It's a fair point that hackers do tend to need bigger dice pools because of the need to succeed on more tests than the gunbunnies need to succeed on to win a combat.
Still, whether you can't be seen with 16 dice or you can't be seen with 20 dice or you can't be seen with 24 dice, the Host goes on alert at GM's whim/discretion anyway. It only takes one hit on an unopposed (i.e. your dice pool is irrelevant) perception test to know there's a silent running icon in the host. BAM that's potentially all it takes for a GM to say the whole damn facility goes on red alert, if he's got a mind to.
Edit: I kinda like running NOT silent when I'm hacking a host anyway. You can't get in if you don't have a mark, so as far as the Patrol IC is concerned you're legit. But again, until such time the GM decides "no, the host goes on alert now" so fundamentally it's no different than running silent. Only you don't suffer the -2 dice penalty
Ditto, but that all depends on the Host. Most Missions seem to have ghost towns for Hosts so hackers stick out.
And a Hacker should be in and out of a Host pretty quick. In, find the thing, hack the thing, leave. If your plan involves hacking several things in a moderate to high rating host, you need a new plan. Even a Rating 5 host is tossing 12ish dice and will potentially run your Overwatch score up fast.

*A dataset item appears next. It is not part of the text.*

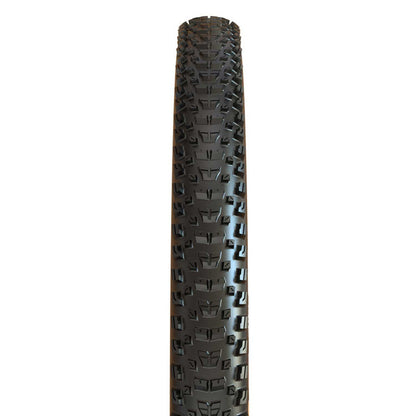 Pneu MAXXIS REKON 29x2.60 Exo+ MaxxTerra Tubeless Ready Souple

If the GM decides the Spider or IC does the "Check for Silently Running Icons" every few Seconds... yeah, the Host is going on Alert. Absolutely nothing a PC can do about it, which is why GMs shouldn't do that and should be using the Data Trail chart on p. 86 to search specifically for the Hacker with an opposed Matrix Perception roll. And also because the "Check the area for Silently Running Icons" is a hot mess of a rule and should be ignored, and the standard Matrix Perception Action should be used in all cases.